Structure that works and takes an afternoon:

  • /: who you are, latest writing
  • /work: case studies of real projects, the proof
  • /now: one paragraph on what you’re doing this month
  • /about and /contact

That’s it. Resist the redesign spiral. I say this as someone who once spent nine months on the wrong website rebuild professionally. Ship the boring version, write instead.

Step 3: Wire up the domain properly

Two things people skip that cost nothing:

DNS you control. I use Cloudflare: free tier, fast, and the domain settings live in one place regardless of where the site is hosted. Host on Pages, a VPS, wherever. If you own the DNS, you can move hosts in an afternoon without breaking a single link.
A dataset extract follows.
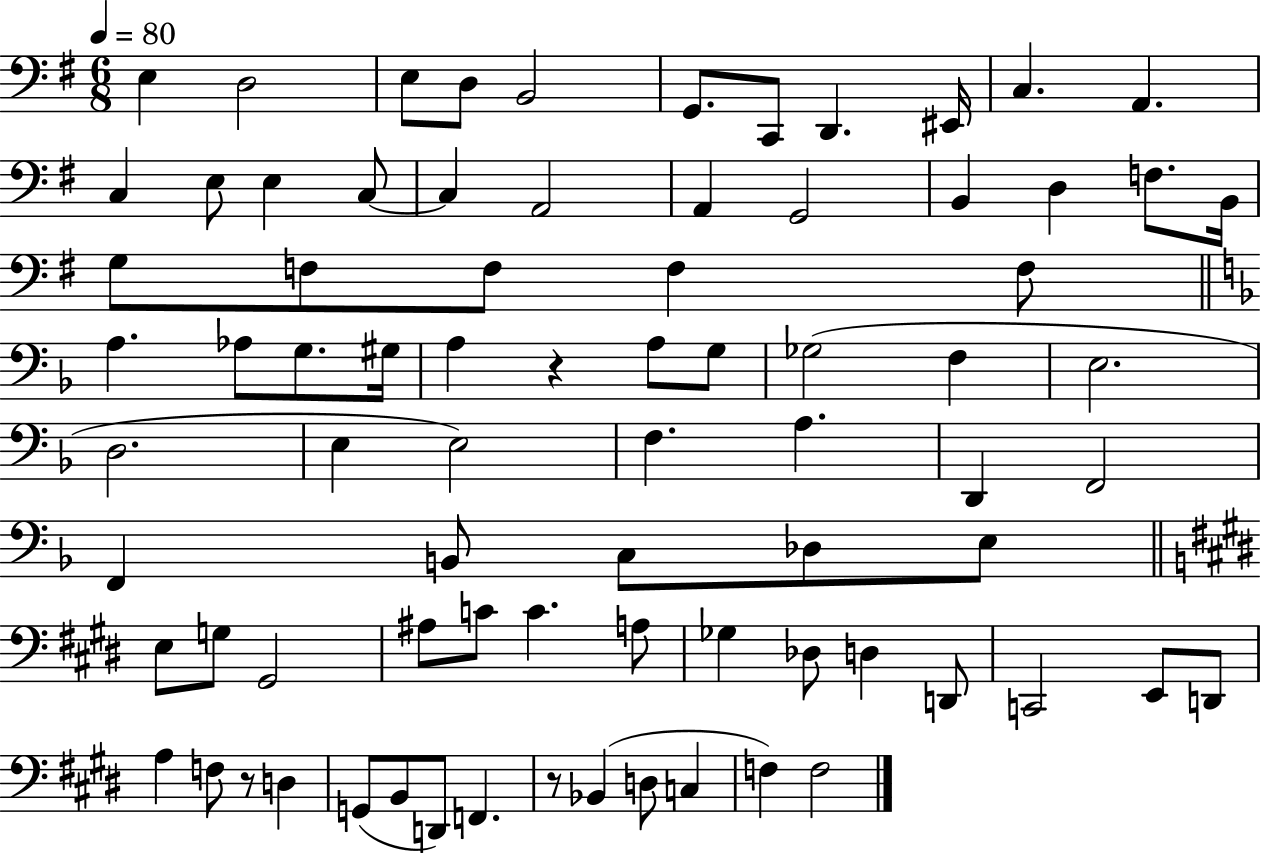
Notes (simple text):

Email on your domain. Cloudflare Email Routing forwards hello@yourdomain to whatever inbox you already use, free, in five minutes. A contact address on your own domain outlives every inbox migration you’ll ever do, and you can hand out per-service aliases and see exactly who leaked your address.

Step 4: Solve the username problem once

Here’s a mistake that cost me my early footprint: I treated usernames as disposable. Renamed my GitHub account, and every old link died, including the one on my own deployed portfolio. Search engines shrug and move on.

What I settled on is a two-layer identity, and I’d recommend it to any developer, especially anyone security-adjacent:

  • Real name + domain for business. The thing clients, employers, and conference organizers can find, spell, and trust.
  • One handle for community. Mine is cyf0rk: it’s on GitHub and wherever hackers know each other by handle rather than passport. Pick one, keep it forever.

The two layers link to each other: the handle sits on the site, the site is in every profile bio. Either thread leads to everything.

And if you must rename an account: GitHub redirects old profile and repo URLs to the new name. Most platforms don’t. Check before you jump, then update every reference you control the same day.

Step 5: Publish home-first, syndicate everywhere

The workflow that makes all of this compound:

  1. Write on your own site. Case study, writeup, opinion: the canonical version lives at your domain.
  2. Repost the idea natively where your audience is. A LinkedIn version of the post. A short video of the same case study. Link home.
  3. Let RSS do its quiet work. Your static site generates a feed for free: the readers who matter most subscribe directly, no algorithm in between.

The platforms are good at one thing: putting your work in front of people who’ve never heard of you. Use them for exactly that. Just never let them hold the only copy.

I learned this one the hard way too: posts I’d marked “published” in my own content tracker existed only inside a social platform. The captions weren’t archived anywhere I controlled. The reach was rented and so was the content. Home-first means that can’t happen again.

The whole stack, priced

PieceToolCost
Domainyour registrar~$12/year
DNS + CDNCloudflare free tier$0
SiteHugo + a maintained theme$0
Hostingstatic hosting (Pages et al.)$0
EmailCloudflare Email Routing$0
Archivegit repository$0

Twelve dollars a year for a professional presence that nothing can delete, rename, or paywall out from under you.

Start this weekend

The audit is the motivating part: search your own name plus your usernames and look at what a stranger would actually find. If the answer is “scattered fragments on platforms I don’t control,” you know the fix now:

One domain. One boring blog. Email on the domain. One handle, kept forever. Publish at home, syndicate everywhere.

Your future self will find everything exactly where it was left, even after three more job and platform changes.